▶
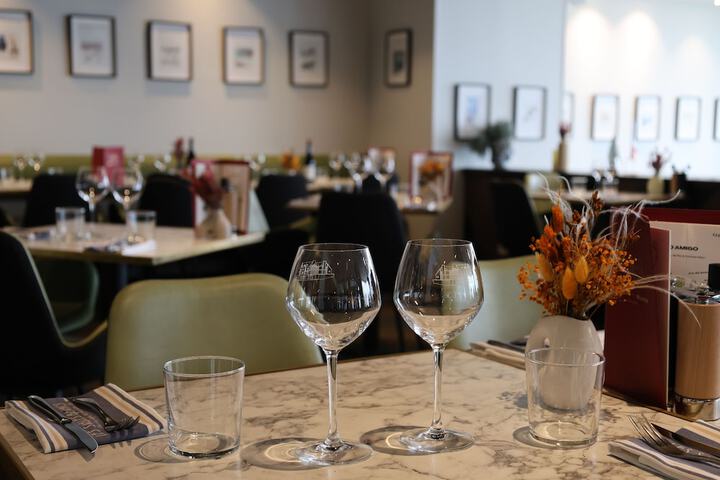 Dining 135 of 153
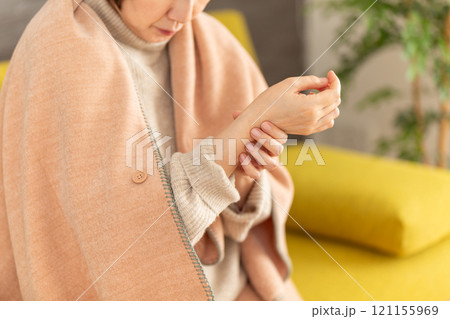 手首の痛みに苦しむミドル〜シニア女性 121155969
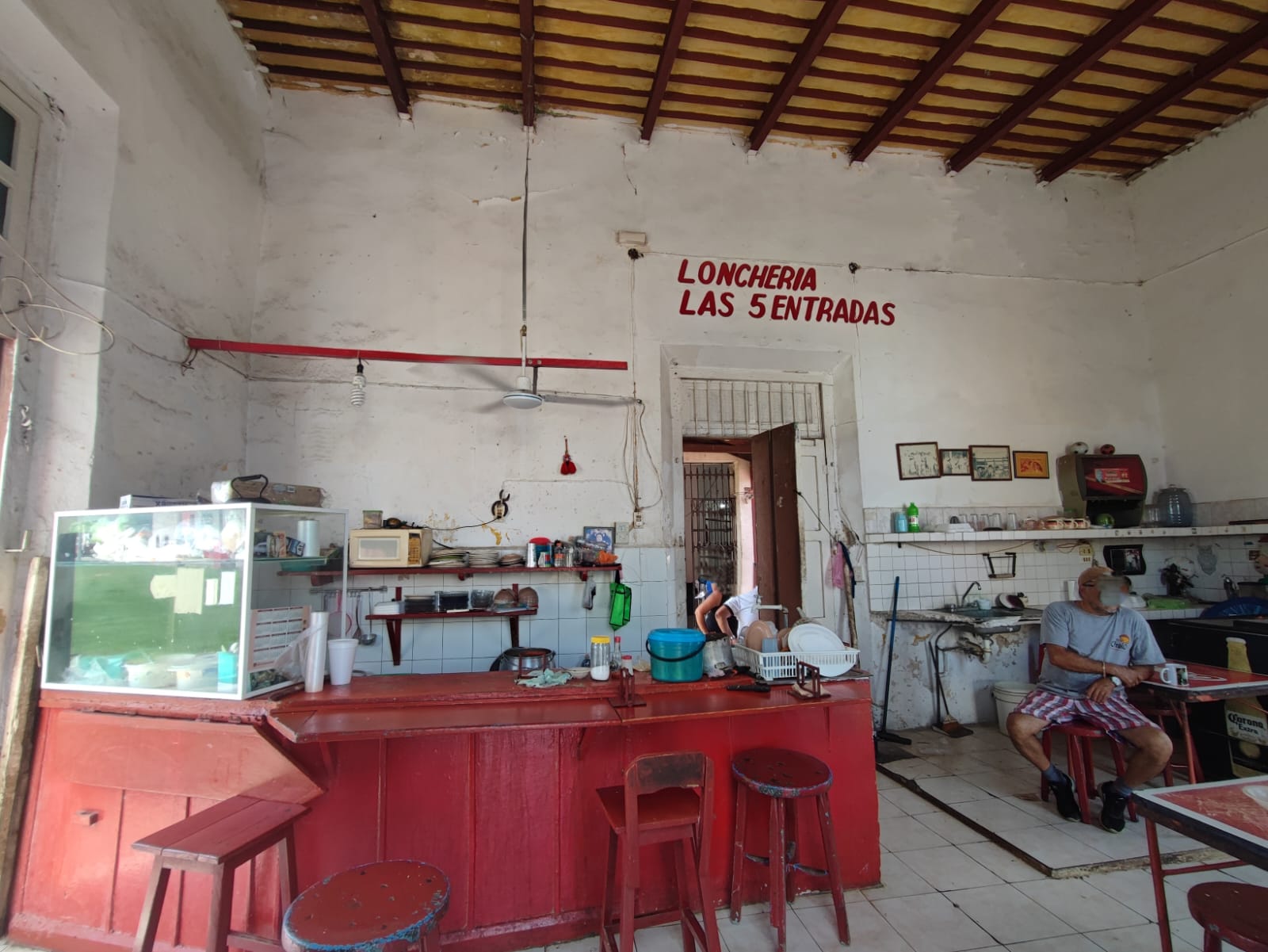 Loncheria "LAS 5 ENTRADAS" image 1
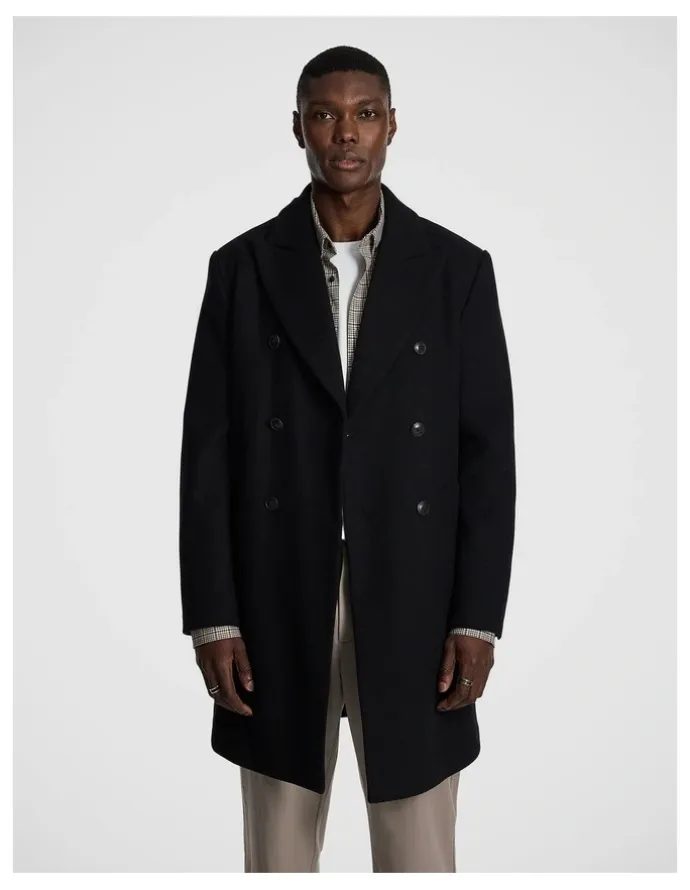 yd. Montana Db Coat in Black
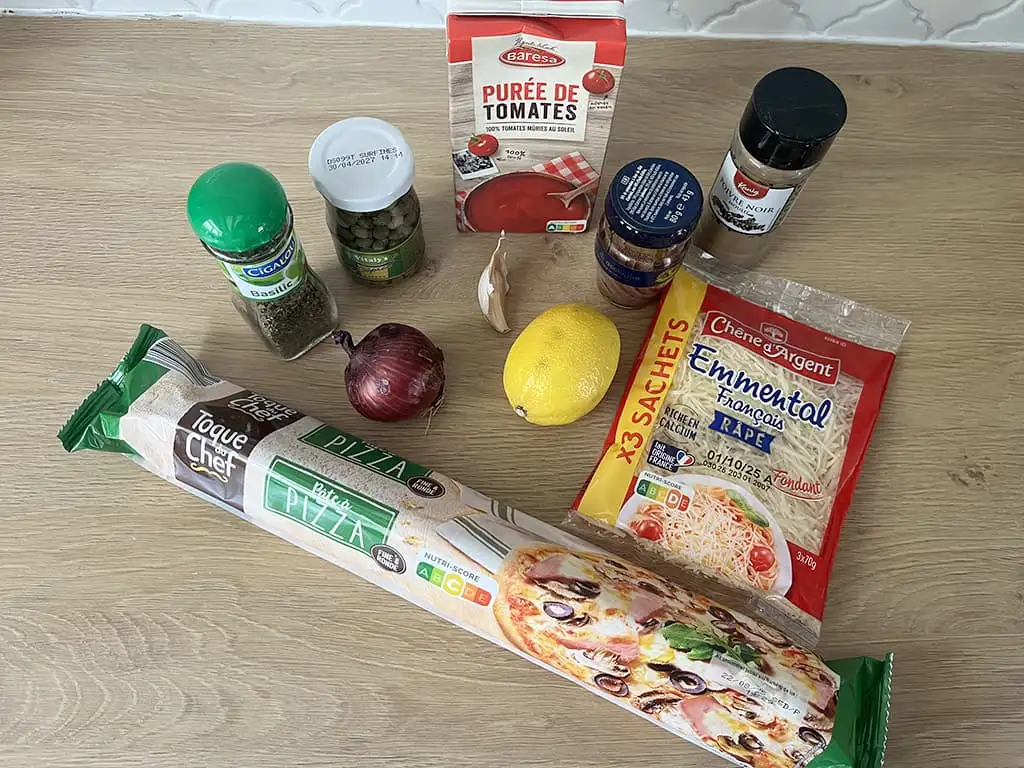 Pizza aux anchois et câpres ingrédients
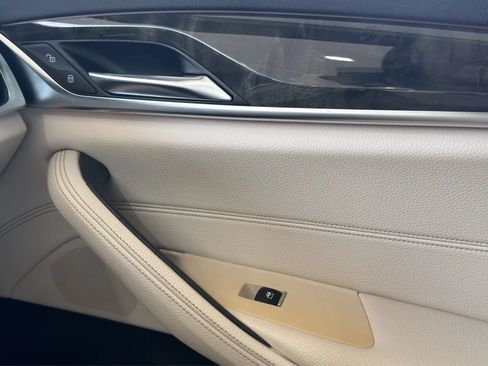 Used 2018 BMW 530i w/ Premium Package RWD image 17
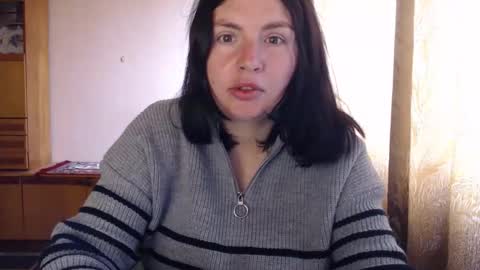 Snapshot of alinaxjames chatting on 04.23.26 AlinaxJames online show from 04.23.26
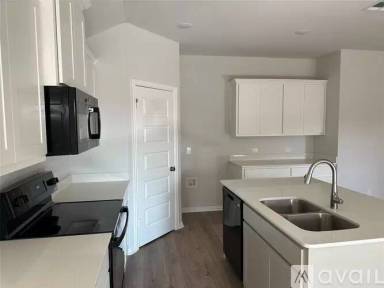 Main picture of 1821 Saint James Place Ln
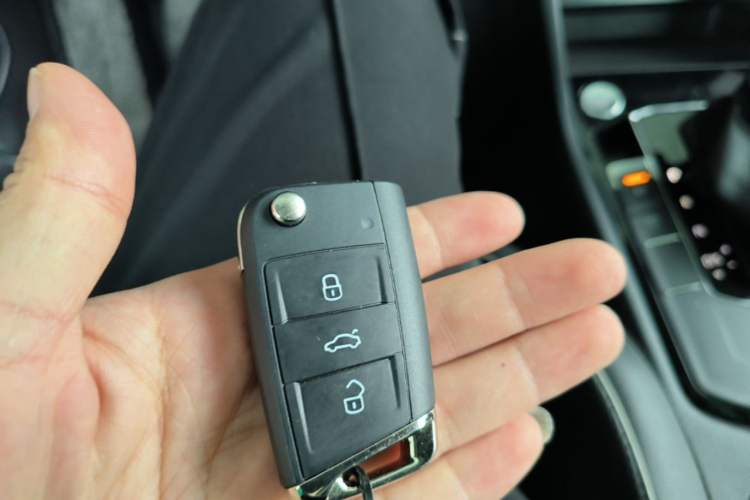 Used Volkswagen Tiguan L 2024 330TSI Automatic Two-Wheel Drive R-Line Enhanced Edition Interior 1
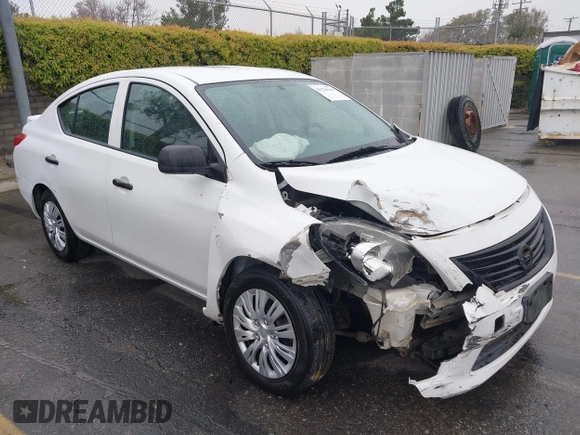 2014 Nissan Versa SV with VIN 3N1CN7AP4EL850102, listed as a IAAI auction lot 41729642 with 181,514 mi miles. Bid and sale history available at carsss.com. Image 1.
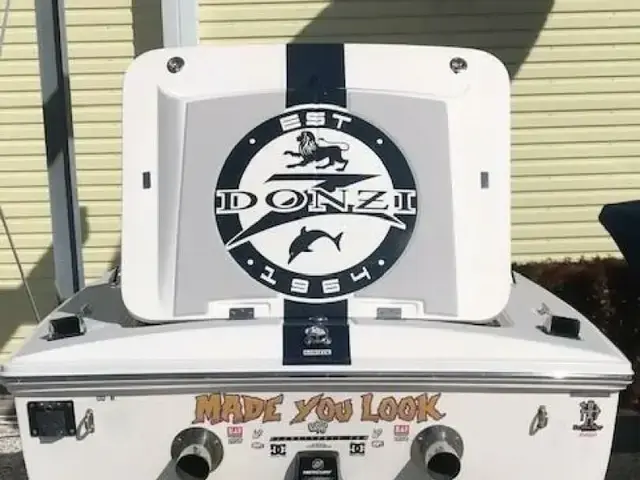 Donzi Classic 22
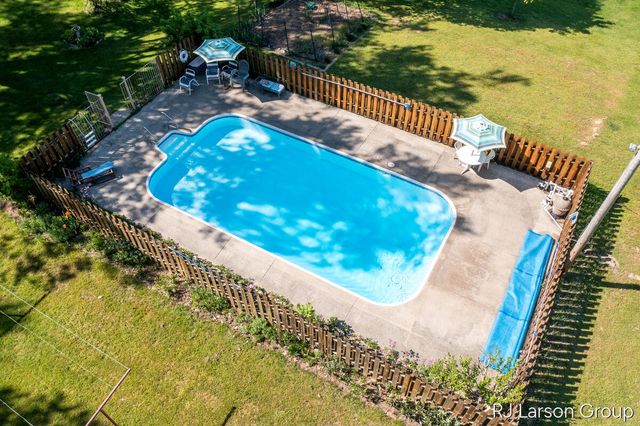 1027 Blue Star Highway, South Haven, MI 49090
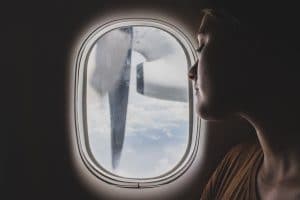 Avion mirando por la ventana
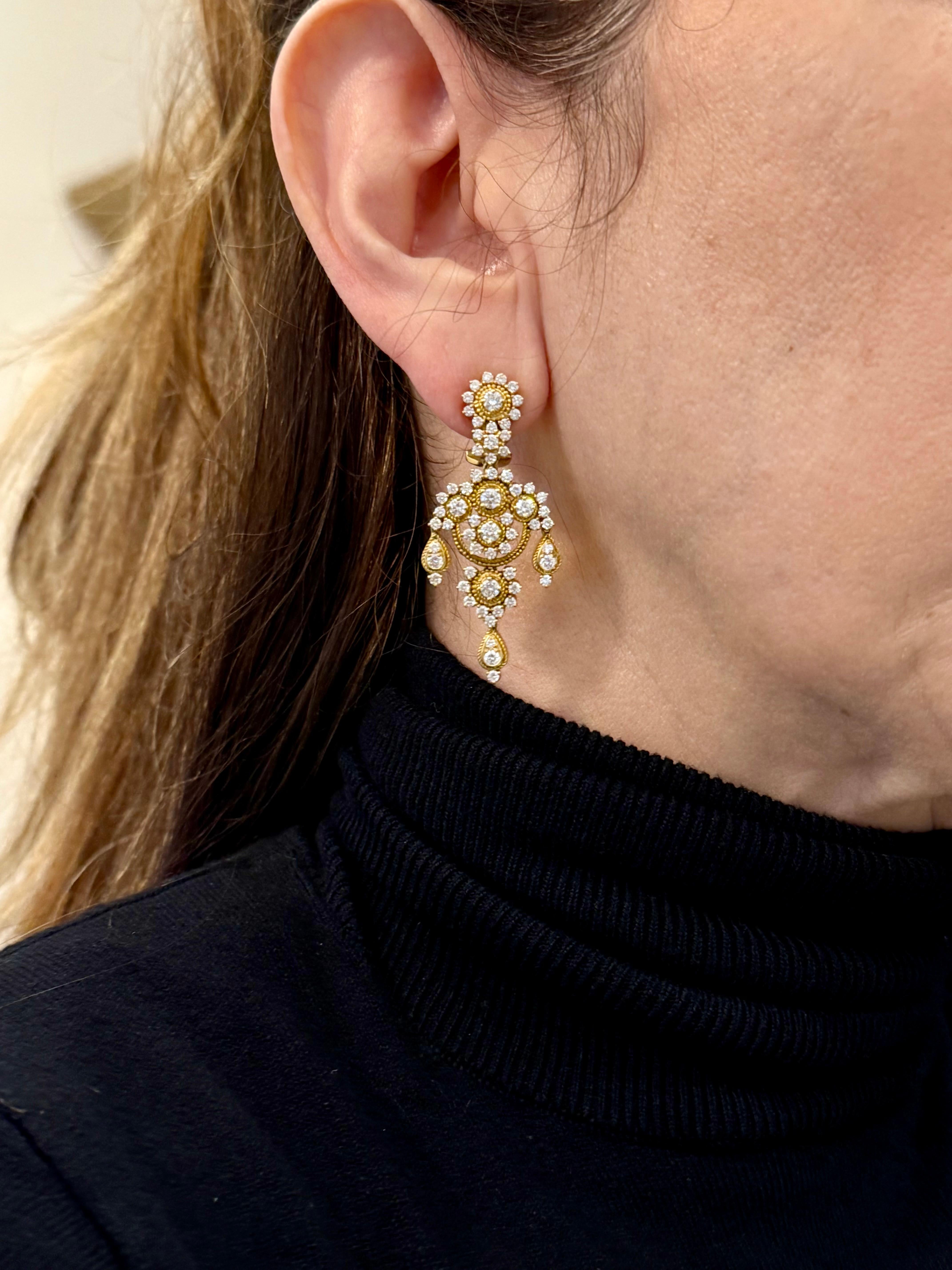 Pair of elegant 18 K yellow Gold Diamond Chandelier earrings In Excellent Condition For Sale In Zurich, Zollstrasse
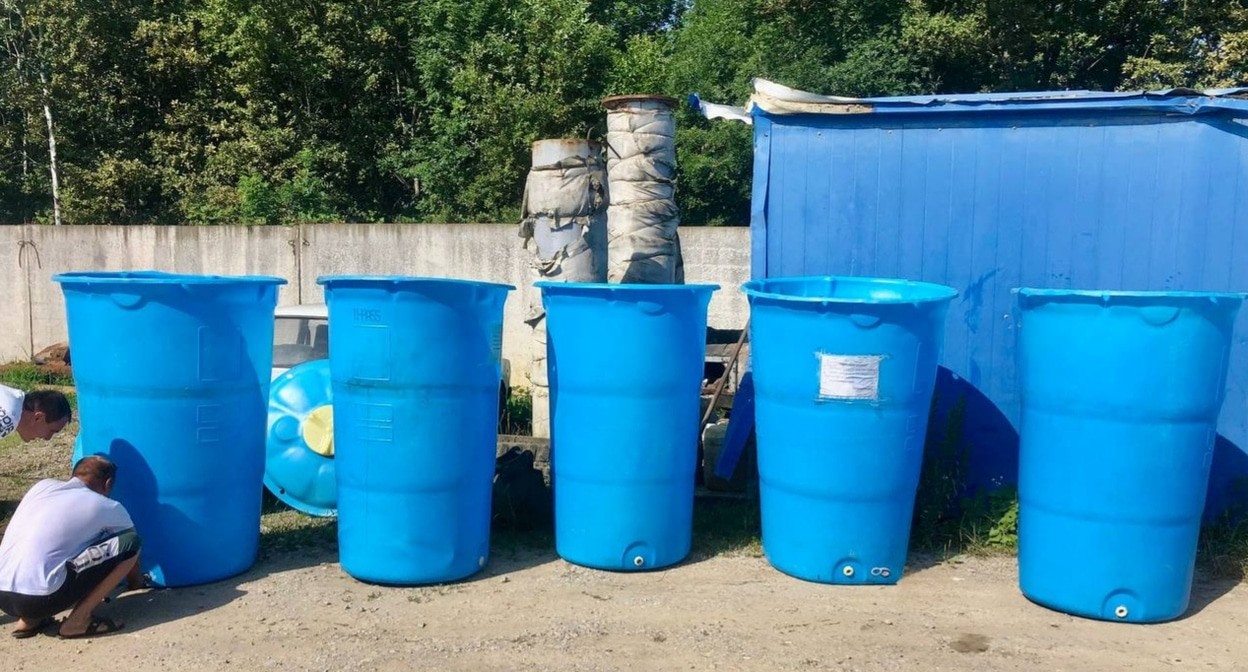 Water distribution tanks in Goryachy Klyuch. Photo from Sergey Belopolsky's Telegram channel https://t.me/sergey_belopolskyi/7378 Water distribution tanks in Goryachy Klyuch. Photo from Sergey Belopolsky's Telegram channel https://t.me/sergey_belopolskyi/7378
◀
__PROBLEM STATEMENT__
Set the records down again exactly, and omit any picture in them.

__RESPONSE FOR THIS EXERCISE__
 Dining 135 of 153
 手首の痛みに苦しむミドル〜シニア女性 121155969
 Loncheria "LAS 5 ENTRADAS" image 1
 yd. Montana Db Coat in Black
 Pizza aux anchois et câpres ingrédients
 Used 2018 BMW 530i w/ Premium Package RWD image 17
 Snapshot of alinaxjames chatting on 04.23.26 AlinaxJames online show from 04.23.26
 Main picture of 1821 Saint James Place Ln
 Used Volkswagen Tiguan L 2024 330TSI Automatic Two-Wheel Drive R-Line Enhanced Edition Interior 1
 2014 Nissan Versa SV with VIN 3N1CN7AP4EL850102, listed as a IAAI auction lot 41729642 with 181,514 mi miles. Bid and sale history available at carsss.com. Image 1.
 Donzi Classic 22
 1027 Blue Star Highway, South Haven, MI 49090
 Avion mirando por la ventana
 Pair of elegant 18 K yellow Gold Diamond Chandelier earrings In Excellent Condition For Sale In Zurich, Zollstrasse
 Water distribution tanks in Goryachy Klyuch. Photo from Sergey Belopolsky's Telegram channel https://t.me/sergey_belopolskyi/7378 Water distribution tanks in Goryachy Klyuch. Photo from Sergey Belopolsky's Telegram channel https://t.me/sergey_belopolskyi/7378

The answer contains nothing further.